Top of Dataset content

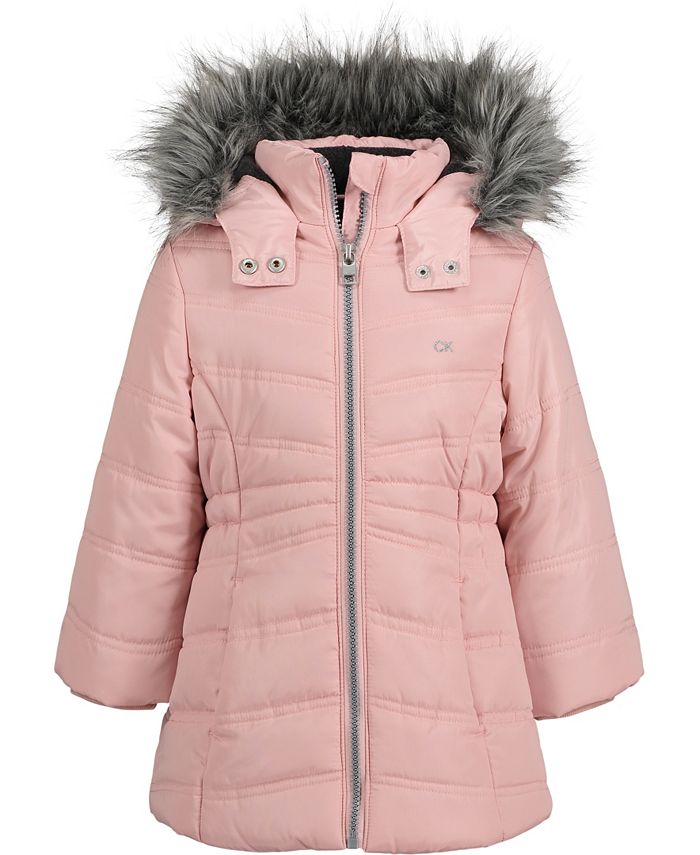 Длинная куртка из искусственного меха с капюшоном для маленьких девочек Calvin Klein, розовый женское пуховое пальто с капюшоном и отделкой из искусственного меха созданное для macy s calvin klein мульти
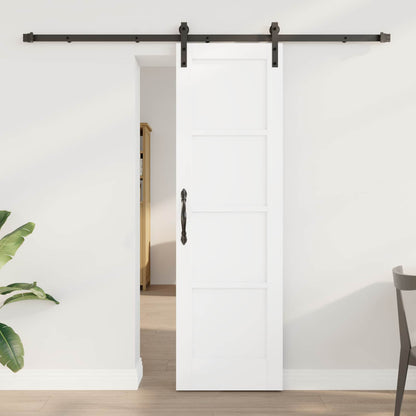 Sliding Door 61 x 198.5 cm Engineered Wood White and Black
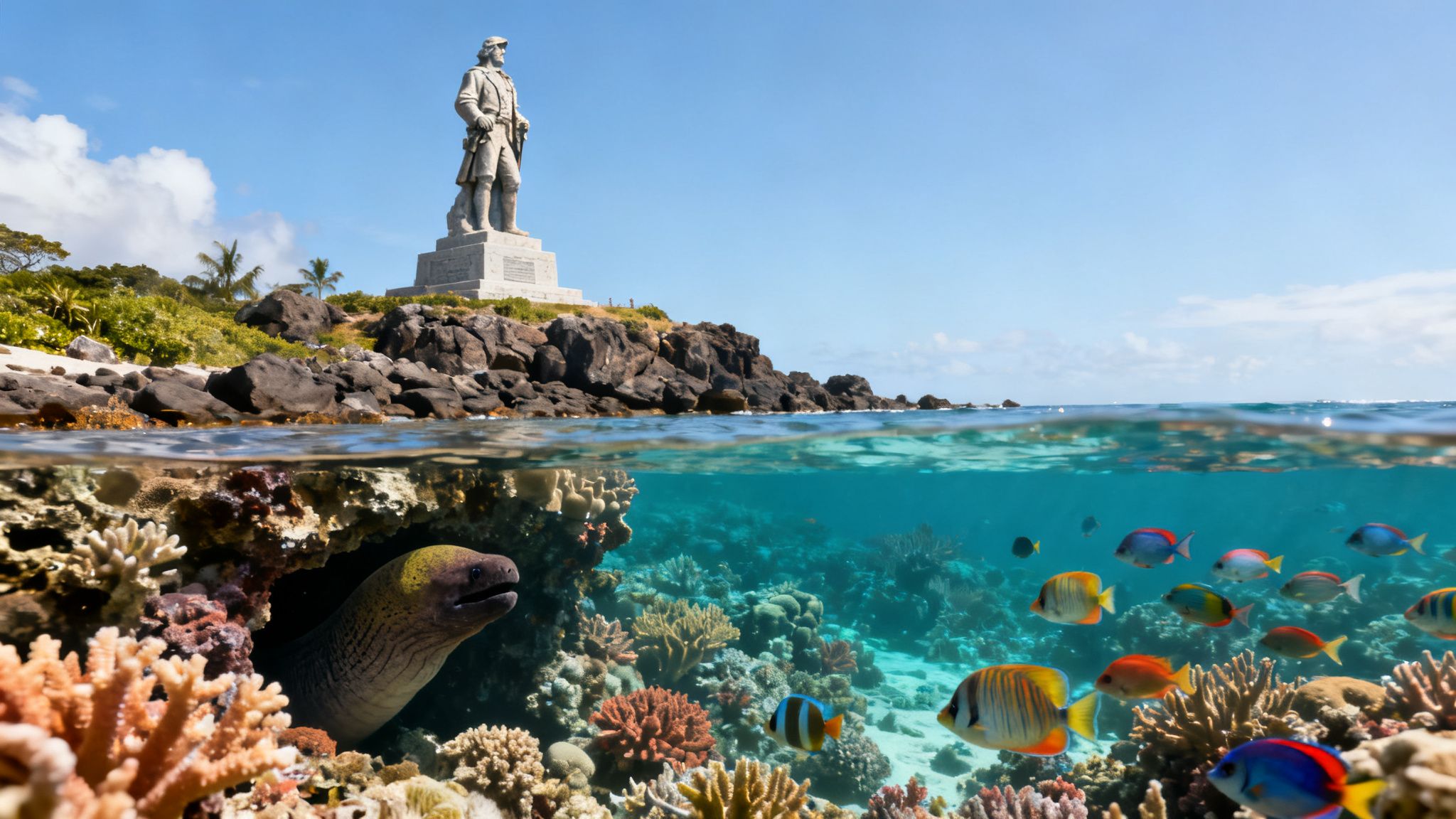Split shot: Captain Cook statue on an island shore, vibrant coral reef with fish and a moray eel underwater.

Bottom of Dataset content

The task → The answer must be the full listing, restated word for word, with no pictures in it.

Answer space →
 Длинная куртка из искусственного меха с капюшоном для маленьких девочек Calvin Klein, розовый женское пуховое пальто с капюшоном и отделкой из искусственного меха созданное для macy s calvin klein мульти
 Sliding Door 61 x 198.5 cm Engineered Wood White and Black
Split shot: Captain Cook statue on an island shore, vibrant coral reef with fish and a moray eel underwater.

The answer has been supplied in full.